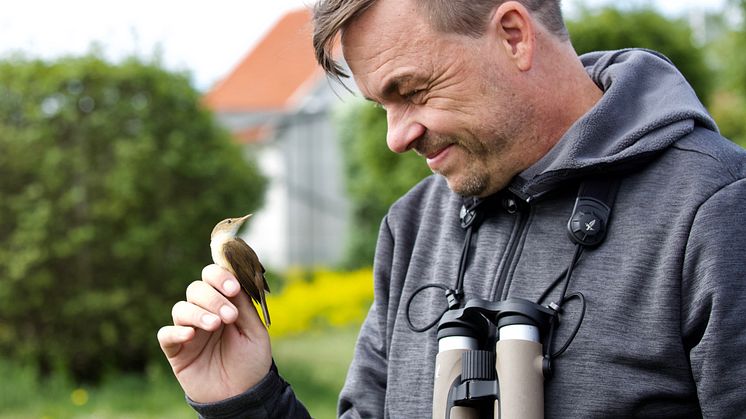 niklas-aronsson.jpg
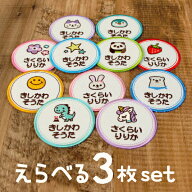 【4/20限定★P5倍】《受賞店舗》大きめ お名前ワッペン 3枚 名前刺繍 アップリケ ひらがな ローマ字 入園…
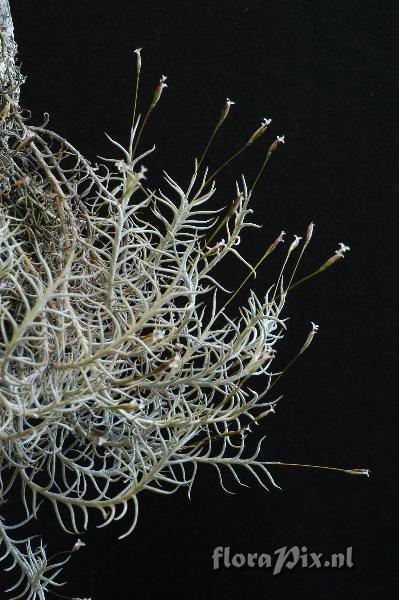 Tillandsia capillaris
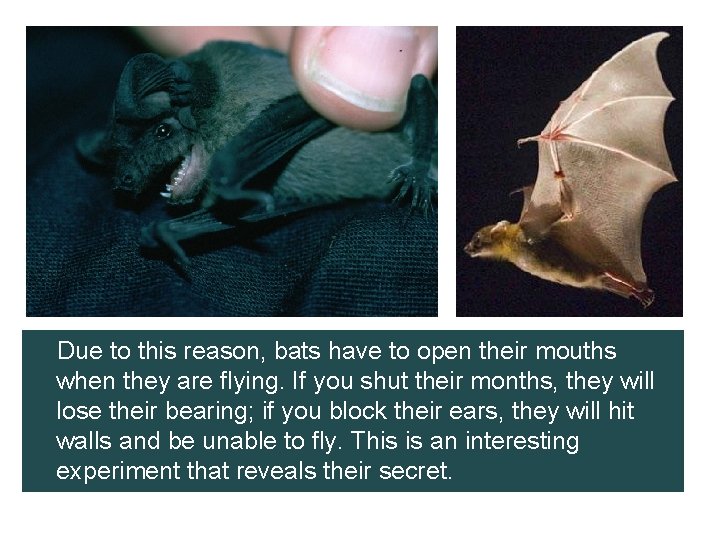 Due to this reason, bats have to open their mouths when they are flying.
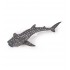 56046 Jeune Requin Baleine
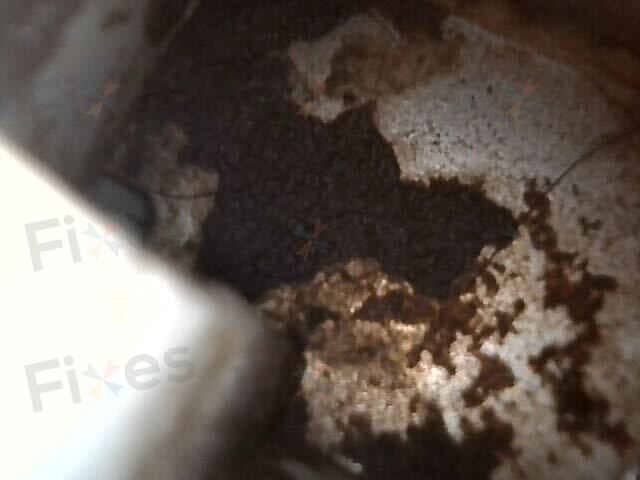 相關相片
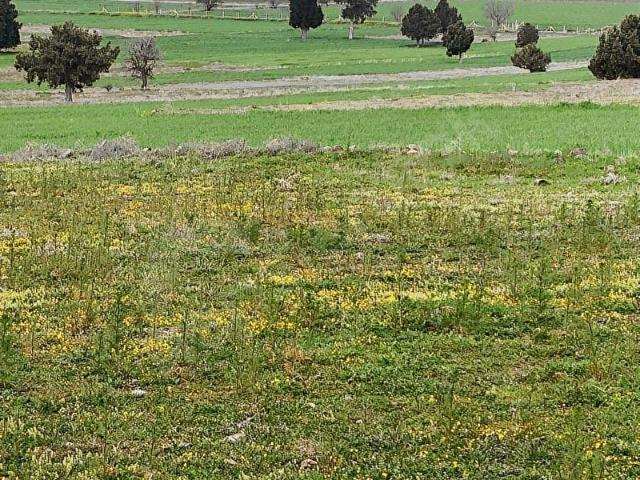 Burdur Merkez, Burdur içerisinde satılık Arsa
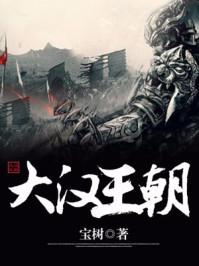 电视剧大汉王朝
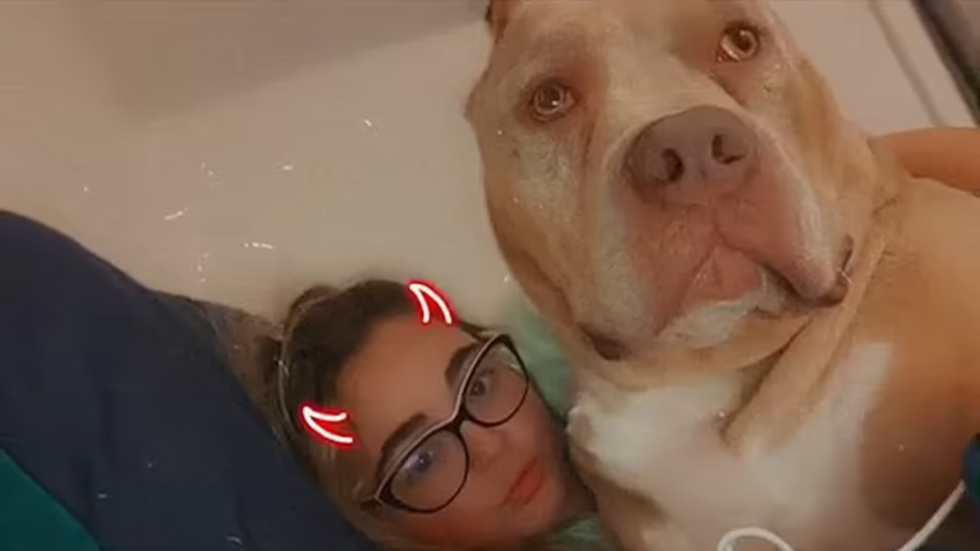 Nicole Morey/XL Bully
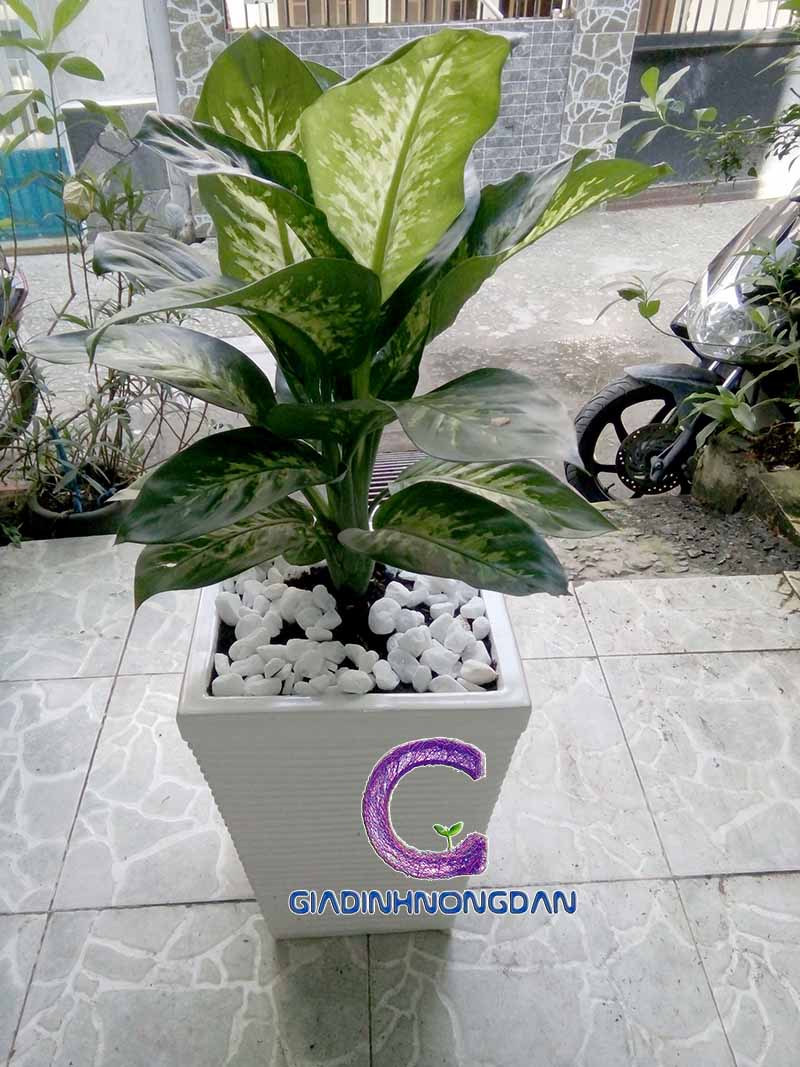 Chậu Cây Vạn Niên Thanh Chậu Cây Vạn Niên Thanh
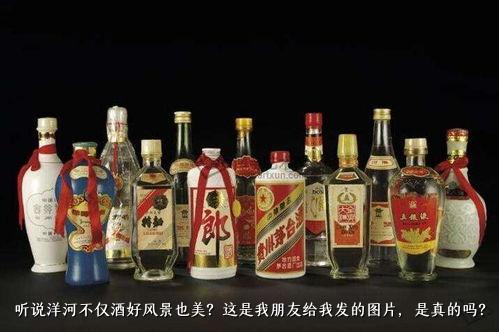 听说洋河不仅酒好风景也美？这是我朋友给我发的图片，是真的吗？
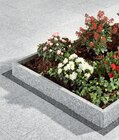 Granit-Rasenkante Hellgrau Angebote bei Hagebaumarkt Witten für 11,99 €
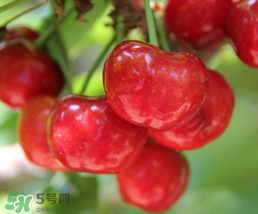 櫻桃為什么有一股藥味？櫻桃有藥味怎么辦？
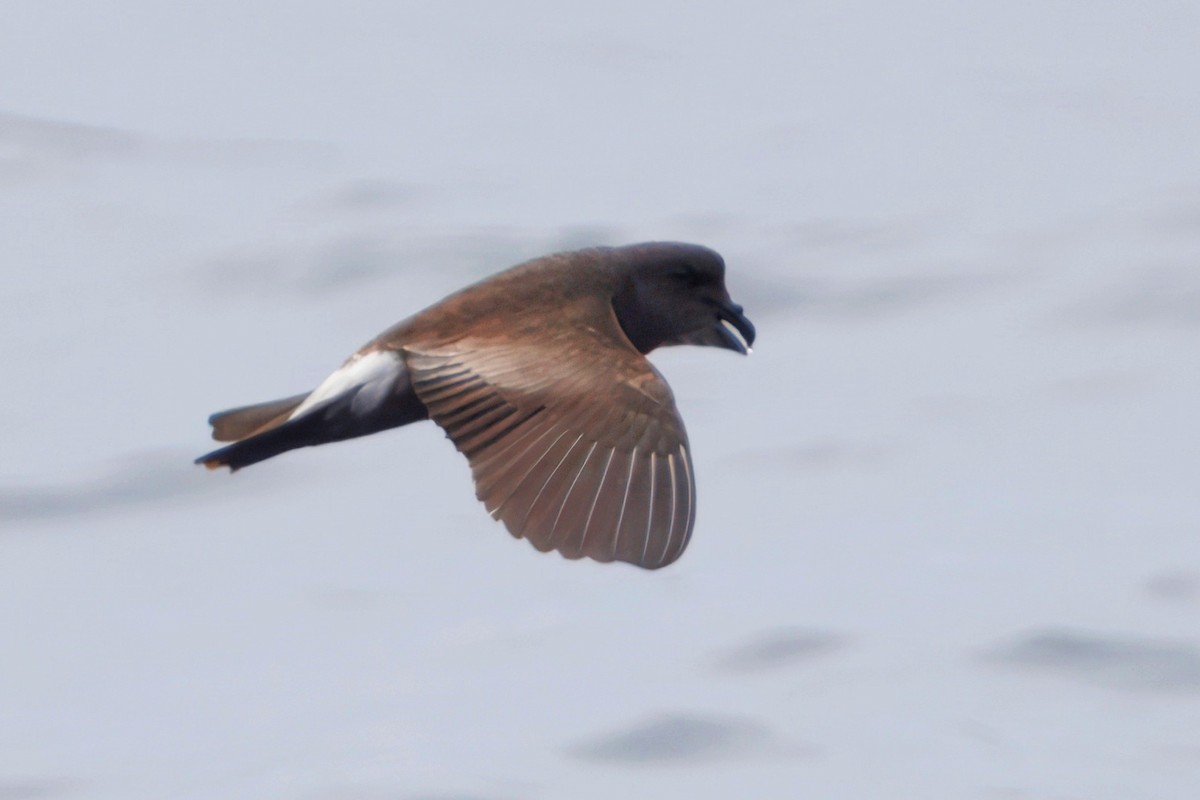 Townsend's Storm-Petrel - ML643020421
━━━━━━
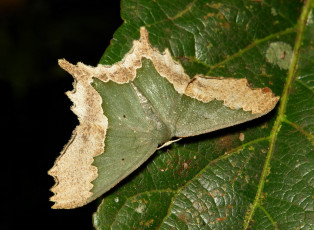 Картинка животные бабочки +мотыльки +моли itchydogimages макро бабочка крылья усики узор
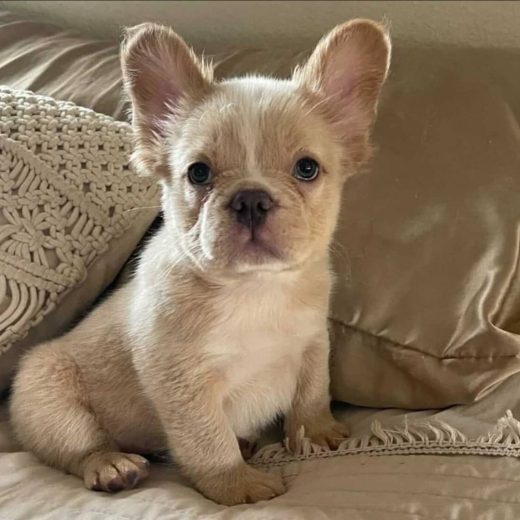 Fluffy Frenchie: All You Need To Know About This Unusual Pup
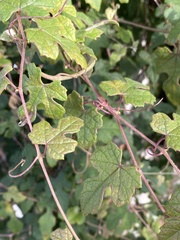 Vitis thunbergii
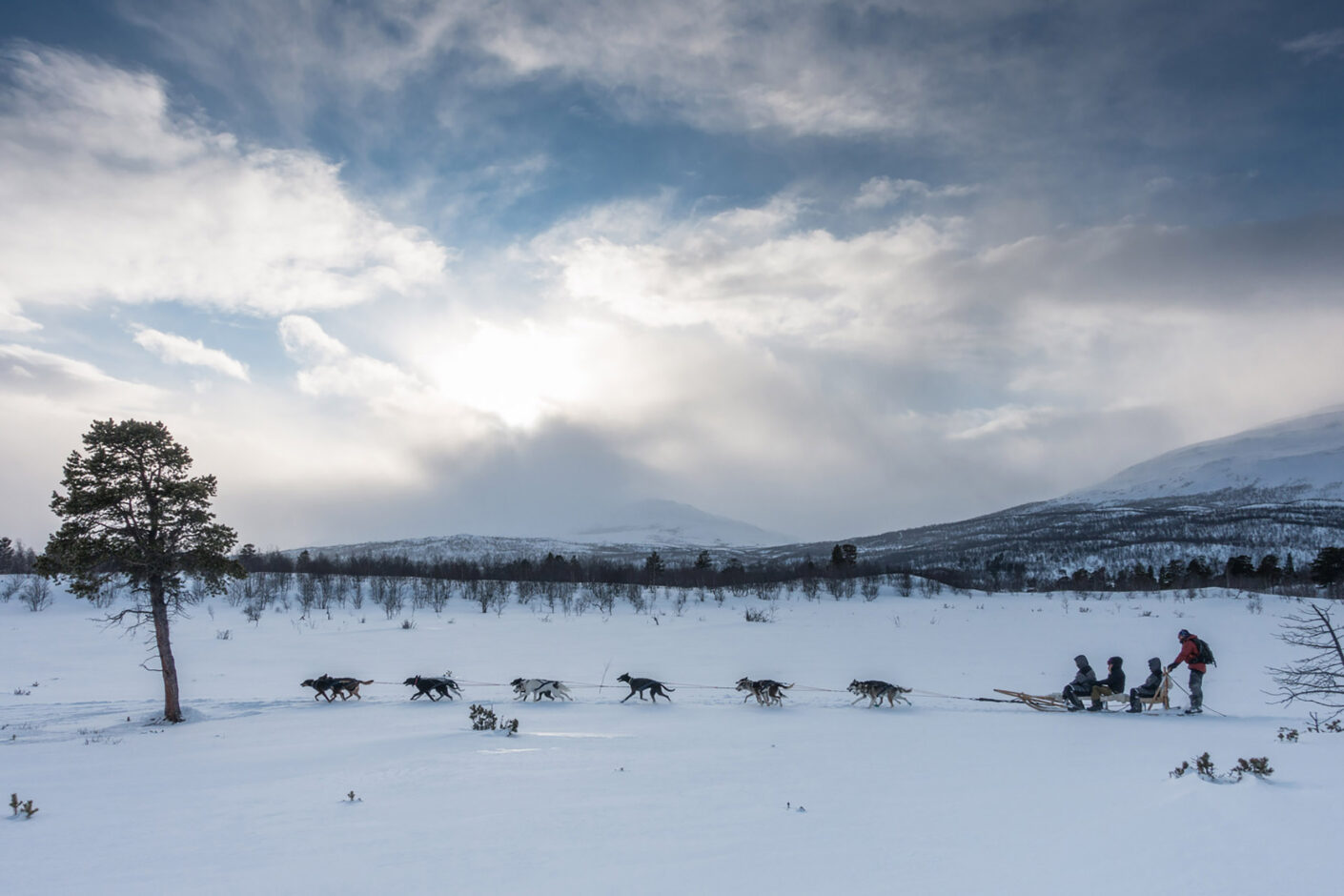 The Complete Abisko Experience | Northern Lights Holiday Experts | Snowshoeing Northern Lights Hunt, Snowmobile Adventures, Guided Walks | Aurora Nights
━━━━━━
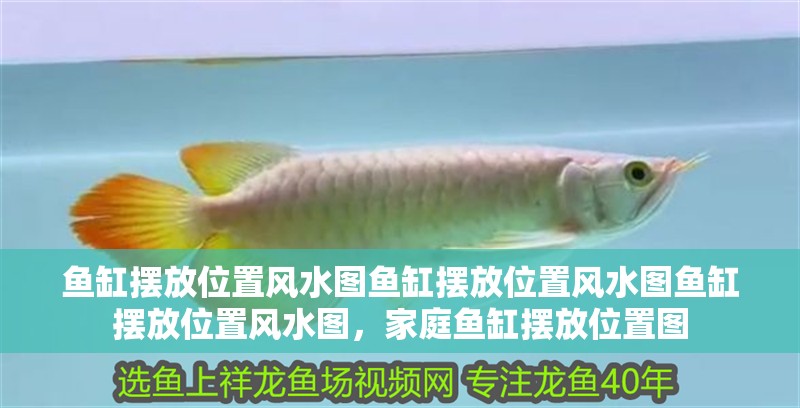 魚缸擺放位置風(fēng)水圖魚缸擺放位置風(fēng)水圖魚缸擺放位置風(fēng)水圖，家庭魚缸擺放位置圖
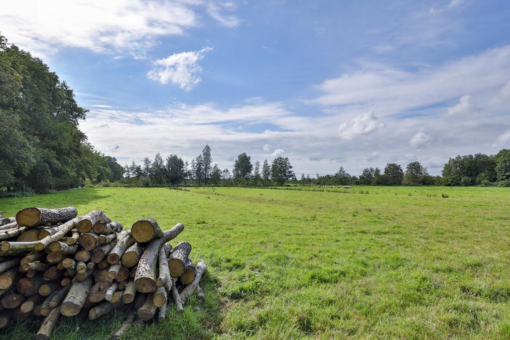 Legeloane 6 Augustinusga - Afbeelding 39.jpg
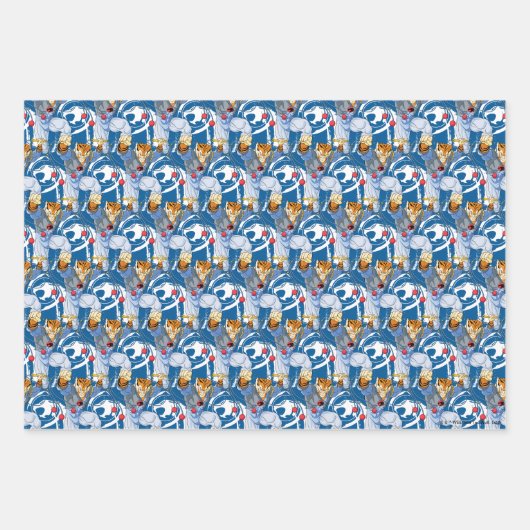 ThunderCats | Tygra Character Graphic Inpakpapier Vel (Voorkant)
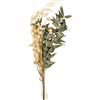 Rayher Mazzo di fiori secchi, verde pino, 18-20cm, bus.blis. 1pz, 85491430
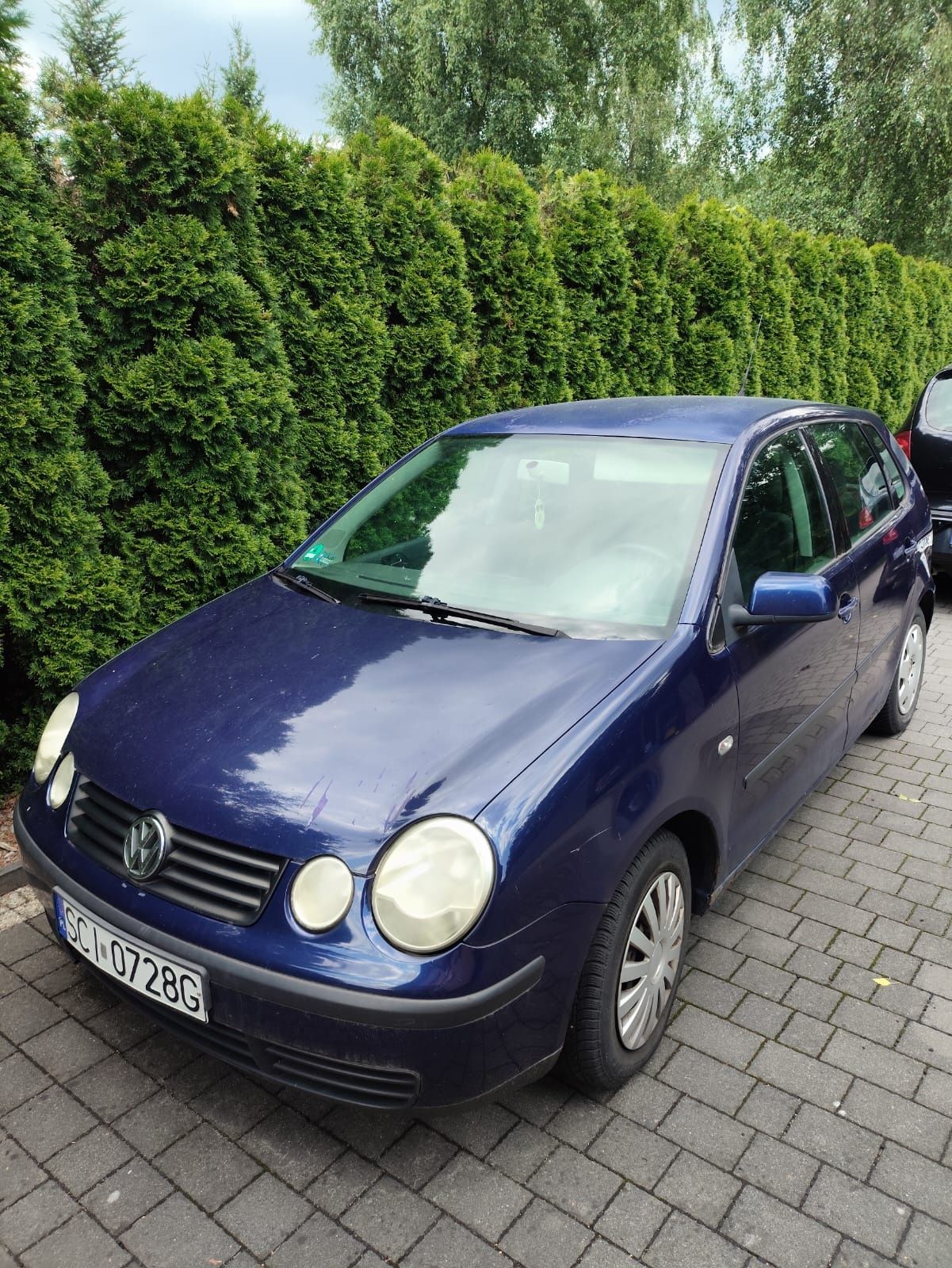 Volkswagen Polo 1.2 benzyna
━━━━━━
Prompt:
In the entries above, which lines run from the one with "听说洋河不仅酒好风景也美？这是我朋友给我发的图片，是真的吗？" up to and including the one with "Townsend's Storm-Petrel - ML643020421"? Write them out exactly, without the pictures.

Reply:
 听说洋河不仅酒好风景也美？这是我朋友给我发的图片，是真的吗？
 Granit-Rasenkante Hellgrau Angebote bei Hagebaumarkt Witten für 11,99 €
 櫻桃為什么有一股藥味？櫻桃有藥味怎么辦？
 Townsend's Storm-Petrel - ML643020421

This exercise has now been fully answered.